Pengertian ini mengarahkan perhatian pada dua hal pokok, yaitu keragaman
perilaku manusia di dunia dan kaitan antara perilaku individu dengan konteks
budaya, tempat perilaku terjadi.
Menurut Triandis,
Malpass dan Davidson (1972) psikologi lintas budaya mencakup kajian suatu pokok
persoalan yang bersumber dari dua budaya atau lebih, dengan menggunakan metode
pengukuran yang ekuivalen, untuk menentukan batas-batas yang dapat menjadi
pijakan teori psikologi umum dan jenis modifikasi teori yang diperlukan agar
menjadi universal. Sementara Brislin, Lonner dan Thorndike (1973) menyatakan
bahwa psikologi lintas budaya ialah kajian empirik mengenai anggota berbagai
kelompok budaya yang telah memiliki perbedaan pengalaman, yang dapat membawa ke
arah perbedaan perilaku yang dapat diramalkan dan signifikan. Triandis (1980)

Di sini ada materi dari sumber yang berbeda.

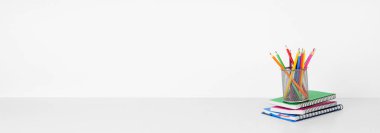 Okul malzemeleri beyaz bir rafta, arka planda beyaz bir duvar var. Okul konseptine geri dönelim. Boşluğu kopyala.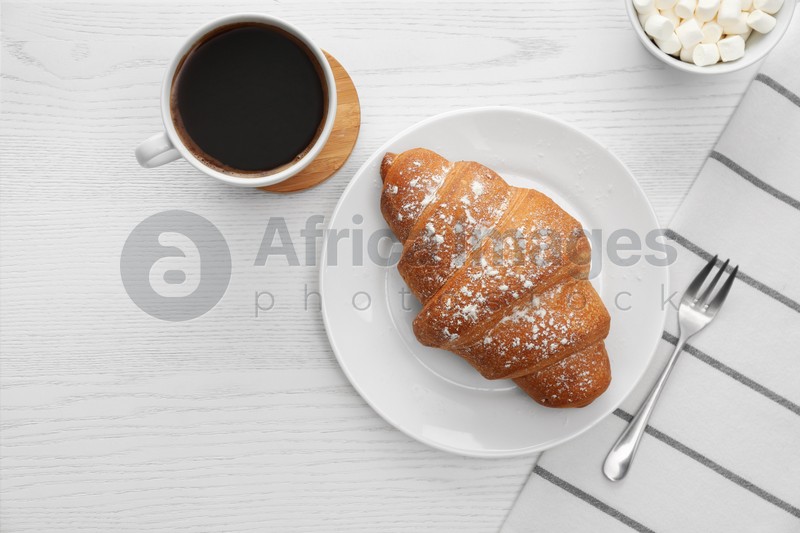 Delicious morning coffee and croissant on white wooden table, flat lay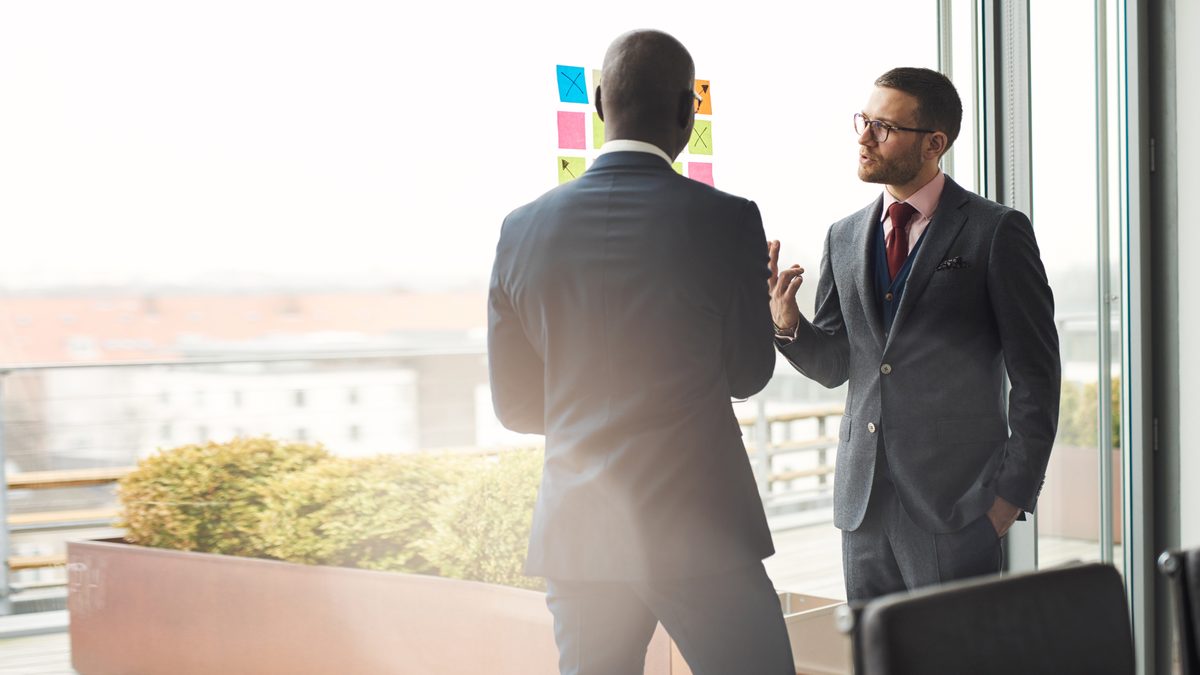 A professional presenting from a laptop during a boardroom meeting with colleagues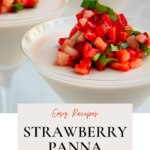 A martini glass with strawberry panna cotta, topped with fresh strawberries, basil and balsamic glaze.
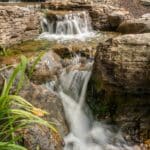 water feature with waterfall, mountain boulders, and landscaping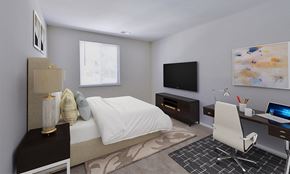 Parkville apartment for rent - a bedroom with a bed and a desk and a television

mengungkapkan bahwa psikologi lintas budaya berkutat dengan kajian sistematik
mengenai perilaku dan pengalaman sebagaimana pengalaman itu terjadi dalam
budaya yang berbeda, yang dipengaruhi budaya atau mengakibatkan
perubahan-perubahan dalam budaya yang bersangkutan.
8. BAURAN PEMASARAN DALAM
LINTAS BUDAYA
Beberapa hal dalam pemasaran internasinal
yang berkaitan dengan lintas budaya adalah bagaimana mengorganisasikan
perusahaaan agar dapat menembus pasar luar negeri, bagaimana keputusan masuk ke
dalam pasar internasional, bagaimana merencanakan standarisasi, bagaimana
merencanakan produk, bagaimana merencanakan distribusi, bagaimana merencanakan
promosi, dan bagaimana menentukan harga produk.